> [Exercise description]: For this exercise, reproduce the entries below exactly, but only from the line containing "Contemporary Charm By" through the line containing "تأجير Lamborghini Urus", both included.

[Web page caption snippets]

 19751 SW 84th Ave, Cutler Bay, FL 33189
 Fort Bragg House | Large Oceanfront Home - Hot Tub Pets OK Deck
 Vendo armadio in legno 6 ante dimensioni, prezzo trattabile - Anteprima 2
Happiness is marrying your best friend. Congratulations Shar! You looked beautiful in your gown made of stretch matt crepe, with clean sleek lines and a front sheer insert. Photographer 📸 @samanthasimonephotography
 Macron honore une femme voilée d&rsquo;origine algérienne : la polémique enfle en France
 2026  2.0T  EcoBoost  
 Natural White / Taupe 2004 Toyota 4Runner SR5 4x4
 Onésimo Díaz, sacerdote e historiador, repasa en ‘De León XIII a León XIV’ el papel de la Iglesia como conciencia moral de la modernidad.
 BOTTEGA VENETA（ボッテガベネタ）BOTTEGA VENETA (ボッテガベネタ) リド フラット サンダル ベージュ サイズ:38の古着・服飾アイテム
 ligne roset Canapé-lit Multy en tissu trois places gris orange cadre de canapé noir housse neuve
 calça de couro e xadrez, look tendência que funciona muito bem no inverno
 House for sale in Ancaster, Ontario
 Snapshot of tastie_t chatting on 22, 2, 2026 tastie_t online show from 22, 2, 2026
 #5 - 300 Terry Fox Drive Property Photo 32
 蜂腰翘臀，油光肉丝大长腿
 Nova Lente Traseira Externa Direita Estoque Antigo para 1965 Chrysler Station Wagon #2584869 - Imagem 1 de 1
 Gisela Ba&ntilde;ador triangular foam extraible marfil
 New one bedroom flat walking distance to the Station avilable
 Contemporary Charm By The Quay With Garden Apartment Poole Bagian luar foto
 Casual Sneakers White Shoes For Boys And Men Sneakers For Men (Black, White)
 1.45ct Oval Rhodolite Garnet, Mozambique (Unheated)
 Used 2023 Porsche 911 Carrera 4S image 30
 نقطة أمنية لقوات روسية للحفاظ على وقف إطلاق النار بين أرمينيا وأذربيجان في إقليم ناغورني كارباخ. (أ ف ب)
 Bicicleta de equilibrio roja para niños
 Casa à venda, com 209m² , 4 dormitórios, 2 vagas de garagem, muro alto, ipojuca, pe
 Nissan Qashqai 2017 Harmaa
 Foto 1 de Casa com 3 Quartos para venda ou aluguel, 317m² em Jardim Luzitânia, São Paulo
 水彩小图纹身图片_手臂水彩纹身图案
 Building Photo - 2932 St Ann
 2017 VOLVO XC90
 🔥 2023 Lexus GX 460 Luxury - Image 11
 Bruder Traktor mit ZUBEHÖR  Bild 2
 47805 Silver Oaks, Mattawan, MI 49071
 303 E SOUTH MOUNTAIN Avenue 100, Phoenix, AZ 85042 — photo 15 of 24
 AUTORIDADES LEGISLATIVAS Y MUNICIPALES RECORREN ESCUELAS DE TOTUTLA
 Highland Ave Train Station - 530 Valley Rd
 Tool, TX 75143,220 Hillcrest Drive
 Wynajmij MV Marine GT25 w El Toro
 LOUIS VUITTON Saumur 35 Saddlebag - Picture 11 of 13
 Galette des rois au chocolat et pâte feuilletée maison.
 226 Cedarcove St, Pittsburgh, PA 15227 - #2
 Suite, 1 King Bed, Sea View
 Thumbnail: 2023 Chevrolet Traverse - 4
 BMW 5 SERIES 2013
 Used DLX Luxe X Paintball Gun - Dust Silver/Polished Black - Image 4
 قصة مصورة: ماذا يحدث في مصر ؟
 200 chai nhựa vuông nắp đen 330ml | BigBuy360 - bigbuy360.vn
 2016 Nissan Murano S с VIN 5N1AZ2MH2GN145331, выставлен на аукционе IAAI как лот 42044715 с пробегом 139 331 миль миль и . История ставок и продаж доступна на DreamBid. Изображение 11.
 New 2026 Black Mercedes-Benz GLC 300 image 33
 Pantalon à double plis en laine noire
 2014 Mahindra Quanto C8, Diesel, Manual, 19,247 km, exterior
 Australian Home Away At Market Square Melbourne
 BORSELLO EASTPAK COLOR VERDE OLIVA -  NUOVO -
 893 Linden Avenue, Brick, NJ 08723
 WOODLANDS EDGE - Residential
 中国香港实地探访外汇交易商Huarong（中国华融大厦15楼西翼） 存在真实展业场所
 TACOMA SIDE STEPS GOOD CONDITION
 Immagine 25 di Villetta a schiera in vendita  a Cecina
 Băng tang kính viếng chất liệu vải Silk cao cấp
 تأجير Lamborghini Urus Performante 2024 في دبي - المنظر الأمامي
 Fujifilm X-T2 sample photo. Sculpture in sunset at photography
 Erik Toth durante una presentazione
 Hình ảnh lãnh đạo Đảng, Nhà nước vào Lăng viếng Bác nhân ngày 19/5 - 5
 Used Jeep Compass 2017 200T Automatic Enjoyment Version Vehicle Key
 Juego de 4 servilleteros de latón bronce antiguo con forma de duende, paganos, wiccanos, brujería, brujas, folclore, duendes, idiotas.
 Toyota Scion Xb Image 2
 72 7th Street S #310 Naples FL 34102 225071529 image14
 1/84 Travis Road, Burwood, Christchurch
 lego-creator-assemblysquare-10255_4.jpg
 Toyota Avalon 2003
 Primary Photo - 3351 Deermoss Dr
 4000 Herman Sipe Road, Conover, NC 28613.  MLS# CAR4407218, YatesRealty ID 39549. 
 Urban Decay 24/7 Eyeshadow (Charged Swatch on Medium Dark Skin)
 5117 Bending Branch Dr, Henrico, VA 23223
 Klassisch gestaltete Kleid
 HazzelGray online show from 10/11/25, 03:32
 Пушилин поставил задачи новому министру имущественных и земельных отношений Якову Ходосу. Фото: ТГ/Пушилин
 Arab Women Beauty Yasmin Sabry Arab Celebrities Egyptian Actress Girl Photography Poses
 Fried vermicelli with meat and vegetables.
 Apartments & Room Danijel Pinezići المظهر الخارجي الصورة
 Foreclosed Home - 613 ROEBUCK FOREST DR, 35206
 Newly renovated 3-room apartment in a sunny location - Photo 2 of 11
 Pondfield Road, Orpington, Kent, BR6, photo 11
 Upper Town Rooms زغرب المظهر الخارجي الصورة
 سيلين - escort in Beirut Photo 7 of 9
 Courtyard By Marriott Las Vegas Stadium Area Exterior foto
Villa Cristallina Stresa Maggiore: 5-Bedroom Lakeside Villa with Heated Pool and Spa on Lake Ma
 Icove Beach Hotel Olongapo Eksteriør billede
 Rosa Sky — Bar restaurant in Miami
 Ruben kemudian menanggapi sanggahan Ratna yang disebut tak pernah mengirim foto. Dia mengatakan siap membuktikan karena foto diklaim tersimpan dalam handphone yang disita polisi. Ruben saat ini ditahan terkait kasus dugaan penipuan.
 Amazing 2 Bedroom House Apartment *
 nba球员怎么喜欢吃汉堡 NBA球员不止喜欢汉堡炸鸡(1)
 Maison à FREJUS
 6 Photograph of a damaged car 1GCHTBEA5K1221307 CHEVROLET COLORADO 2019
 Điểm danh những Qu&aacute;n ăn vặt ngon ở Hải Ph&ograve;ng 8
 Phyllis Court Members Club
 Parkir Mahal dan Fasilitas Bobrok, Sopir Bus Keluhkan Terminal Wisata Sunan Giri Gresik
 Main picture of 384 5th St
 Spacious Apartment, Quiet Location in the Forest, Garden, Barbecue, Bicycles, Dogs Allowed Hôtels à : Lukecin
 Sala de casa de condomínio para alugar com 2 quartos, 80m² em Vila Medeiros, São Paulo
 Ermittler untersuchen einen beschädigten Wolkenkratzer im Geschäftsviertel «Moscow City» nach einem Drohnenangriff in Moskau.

> [Written solution]:
 Contemporary Charm By The Quay With Garden Apartment Poole Bagian luar foto
 Casual Sneakers White Shoes For Boys And Men Sneakers For Men (Black, White)
 1.45ct Oval Rhodolite Garnet, Mozambique (Unheated)
 Used 2023 Porsche 911 Carrera 4S image 30
 نقطة أمنية لقوات روسية للحفاظ على وقف إطلاق النار بين أرمينيا وأذربيجان في إقليم ناغورني كارباخ. (أ ف ب)
 Bicicleta de equilibrio roja para niños
 Casa à venda, com 209m² , 4 dormitórios, 2 vagas de garagem, muro alto, ipojuca, pe
 Nissan Qashqai 2017 Harmaa
 Foto 1 de Casa com 3 Quartos para venda ou aluguel, 317m² em Jardim Luzitânia, São Paulo
 水彩小图纹身图片_手臂水彩纹身图案
 Building Photo - 2932 St Ann
 2017 VOLVO XC90
 🔥 2023 Lexus GX 460 Luxury - Image 11
 Bruder Traktor mit ZUBEHÖR  Bild 2
 47805 Silver Oaks, Mattawan, MI 49071
 303 E SOUTH MOUNTAIN Avenue 100, Phoenix, AZ 85042 — photo 15 of 24
 AUTORIDADES LEGISLATIVAS Y MUNICIPALES RECORREN ESCUELAS DE TOTUTLA
 Highland Ave Train Station - 530 Valley Rd
 Tool, TX 75143,220 Hillcrest Drive
 Wynajmij MV Marine GT25 w El Toro
 LOUIS VUITTON Saumur 35 Saddlebag - Picture 11 of 13
 Galette des rois au chocolat et pâte feuilletée maison.
 226 Cedarcove St, Pittsburgh, PA 15227 - #2
 Suite, 1 King Bed, Sea View
 Thumbnail: 2023 Chevrolet Traverse - 4
 BMW 5 SERIES 2013
 Used DLX Luxe X Paintball Gun - Dust Silver/Polished Black - Image 4
 قصة مصورة: ماذا يحدث في مصر ؟
 200 chai nhựa vuông nắp đen 330ml | BigBuy360 - bigbuy360.vn
 2016 Nissan Murano S с VIN 5N1AZ2MH2GN145331, выставлен на аукционе IAAI как лот 42044715 с пробегом 139 331 миль миль и . История ставок и продаж доступна на DreamBid. Изображение 11.
 New 2026 Black Mercedes-Benz GLC 300 image 33
 Pantalon à double plis en laine noire
 2014 Mahindra Quanto C8, Diesel, Manual, 19,247 km, exterior
 Australian Home Away At Market Square Melbourne
 BORSELLO EASTPAK COLOR VERDE OLIVA -  NUOVO -
 893 Linden Avenue, Brick, NJ 08723
 WOODLANDS EDGE - Residential
 中国香港实地探访外汇交易商Huarong（中国华融大厦15楼西翼） 存在真实展业场所
 TACOMA SIDE STEPS GOOD CONDITION
 Immagine 25 di Villetta a schiera in vendita  a Cecina
 Băng tang kính viếng chất liệu vải Silk cao cấp
 تأجير Lamborghini Urus Performante 2024 في دبي - المنظر الأمامي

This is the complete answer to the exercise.